YOUR TASK: What you write should match, word for word, the lines from the one containing "VEROMODA - KACY" through the end of the data, with no pictures.
*** DATA SHOWN Section Begins ***
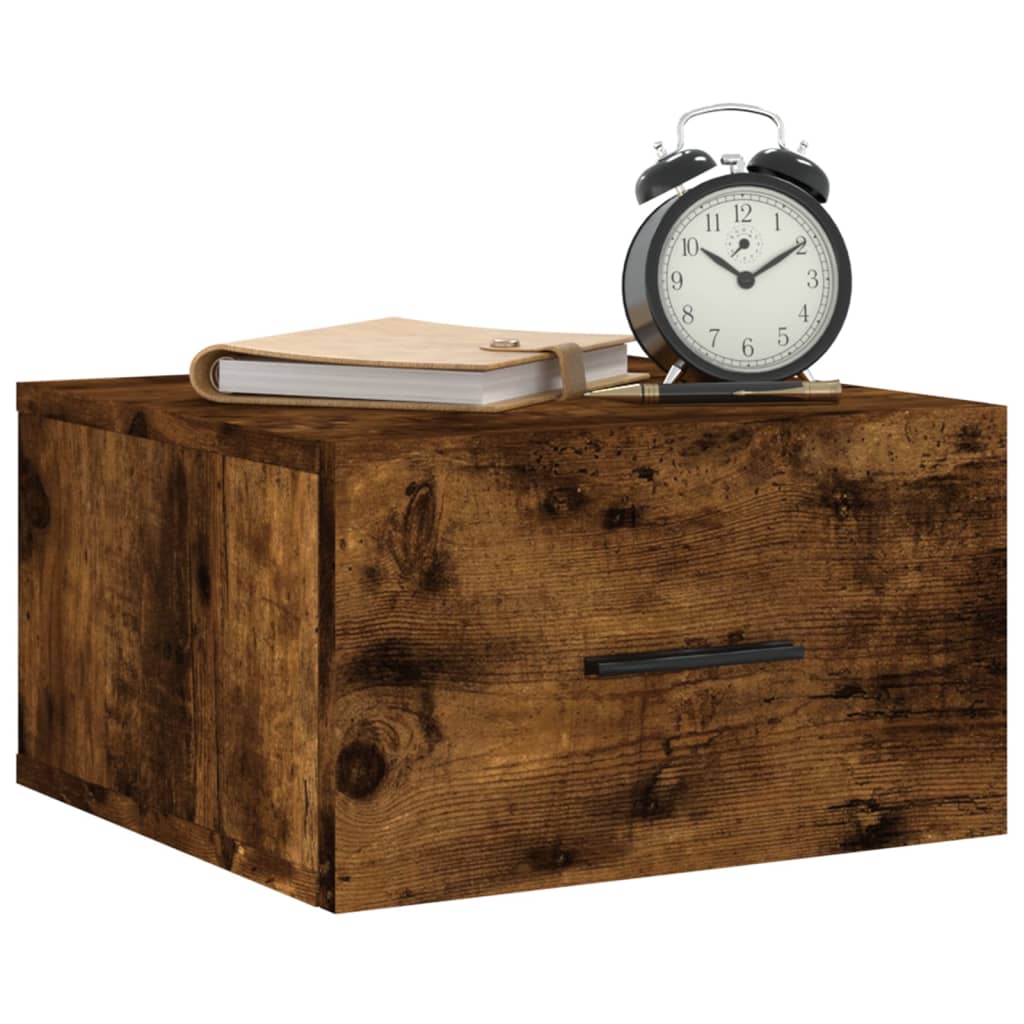 Veggmontert nattbord røkt eik 35x35x20 cm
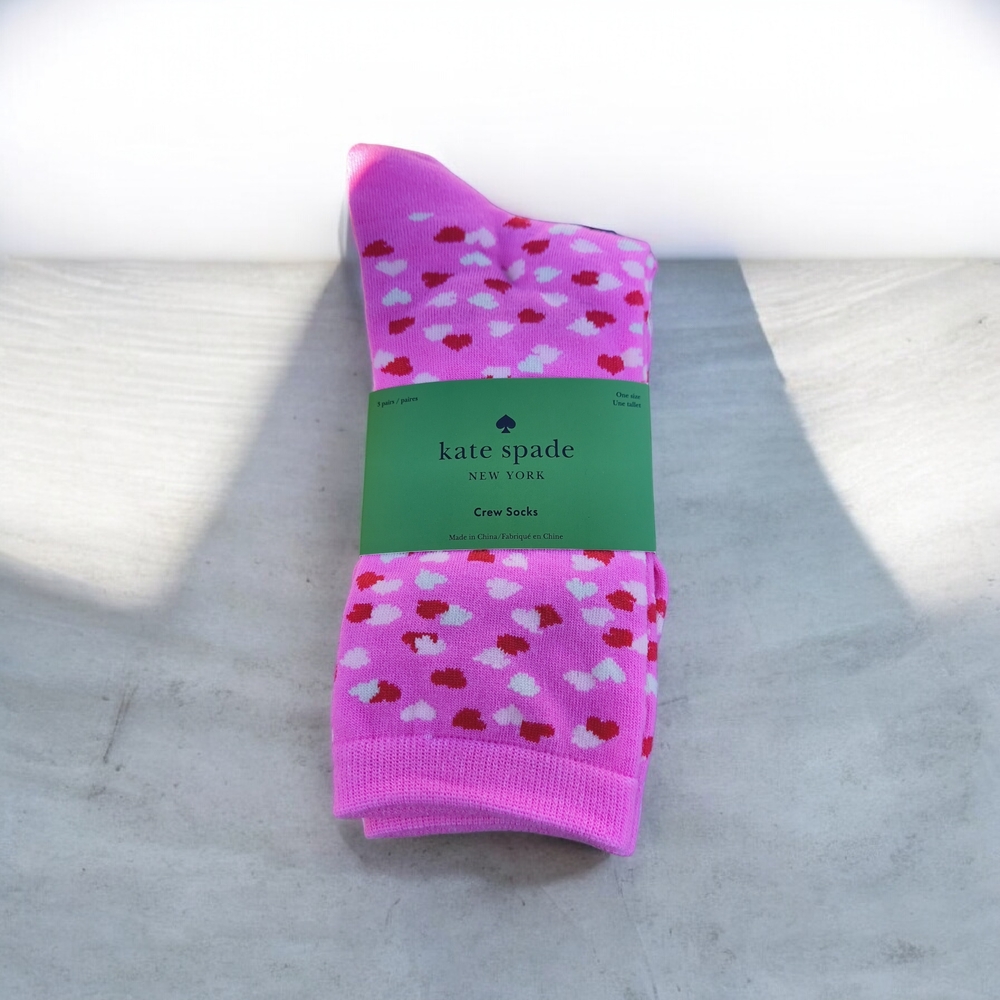 NWT Kate Spade 3 Pair Pink Heart Pattern, White And Gray Socks Valentine's Day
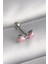 Çelik Gümüş Renk Pembe Kurdele Zirkon Taş Detay Tragus Piercing 1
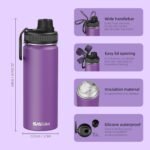 SASEUM Sport Water Bottle 18oz Stainless Steel Double Wall Vacuum Thermal Mug with Leak Proof Spout Lids, Wide Mouth Metal Insulated Water Jug for Gym and Travel（Purple） - Image 3
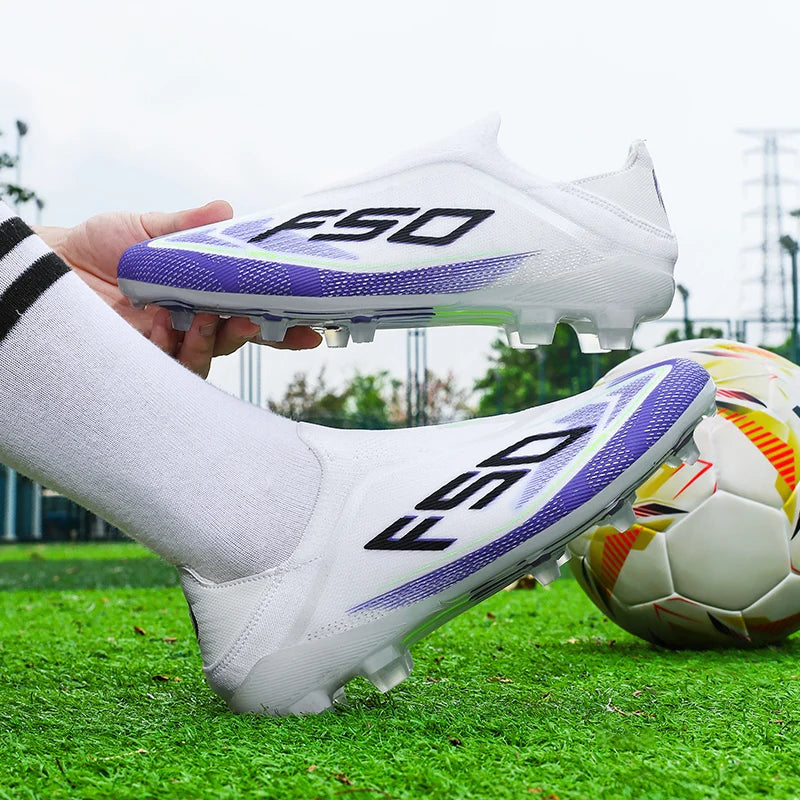 New Men's Football Boots, Non-Slip Outdoor Sneakers, Match Grass Cleats, High-Quality Soccer Shoes, Futsal, Hot-Selling High-Top Light Boots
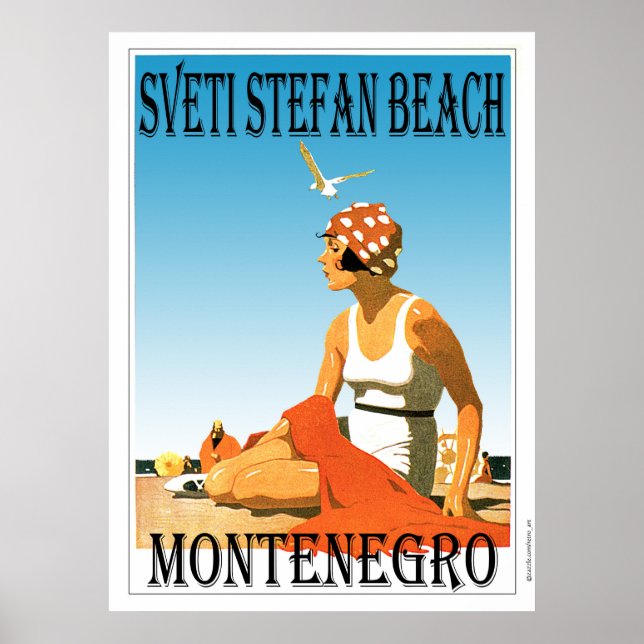 Sveti Stefan beach, Montenegro Poster (Front)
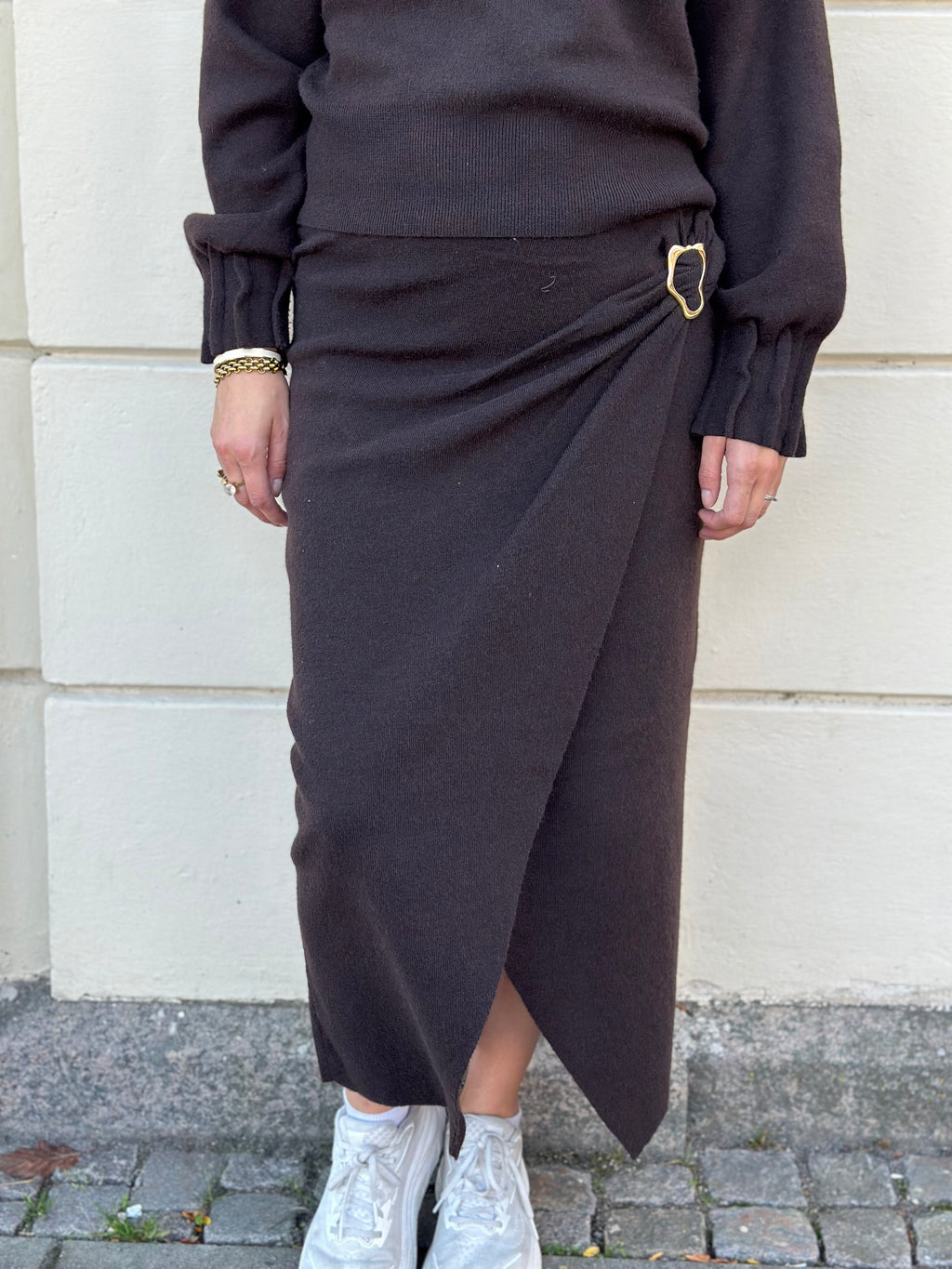 VEROMODA - KACY NW DRAPE ANKLE SKIRT - COKOLATE TORTE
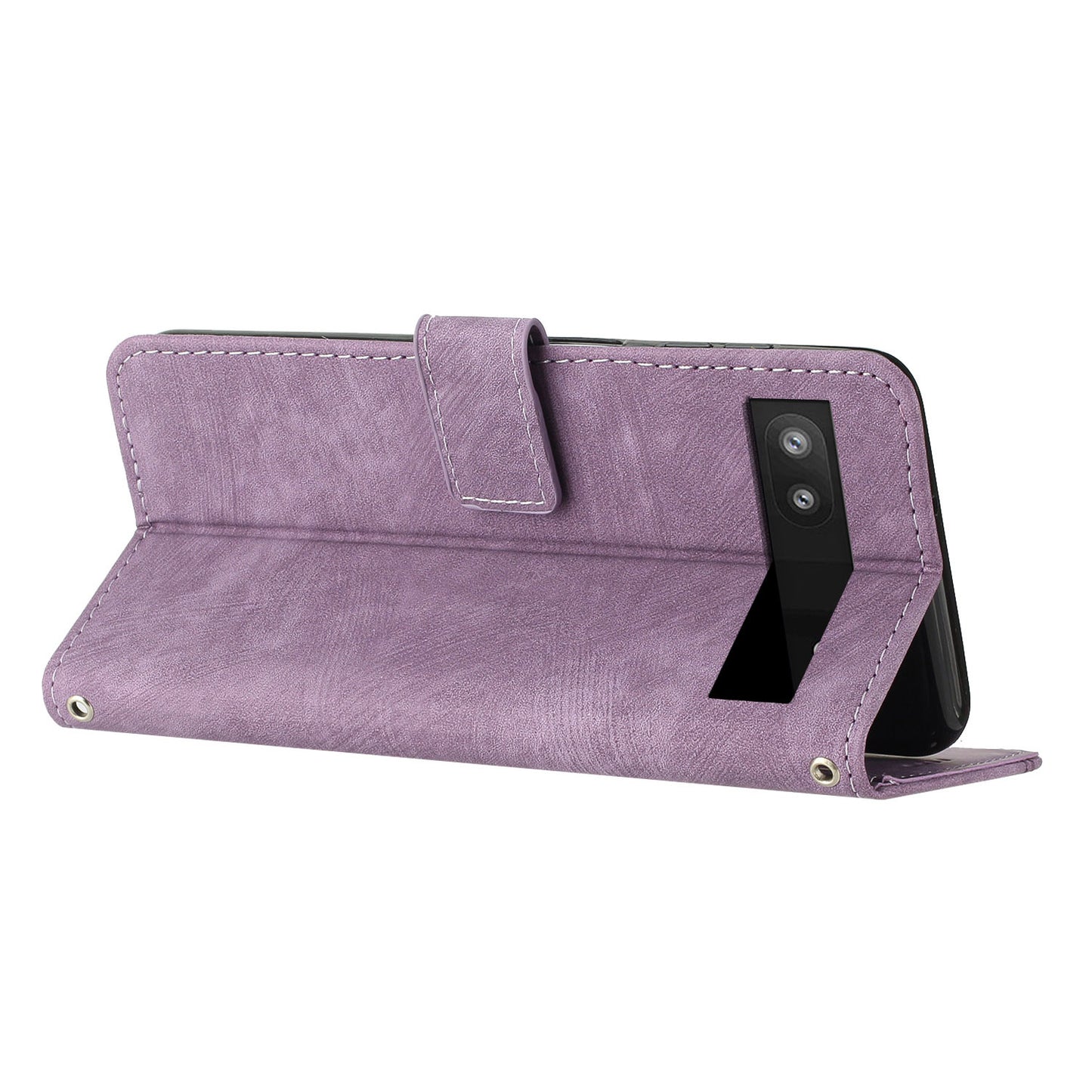 For Google Pixel 7a PU Leather Lines Imprinted Phone Case Wallet Stand Magnetic Flip Cover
*** DATA SHOWN Section Ends ***
SOLVED PROBLEM:
 VEROMODA - KACY NW DRAPE ANKLE SKIRT - COKOLATE TORTE
 For Google Pixel 7a PU Leather Lines Imprinted Phone Case Wallet Stand Magnetic Flip Cover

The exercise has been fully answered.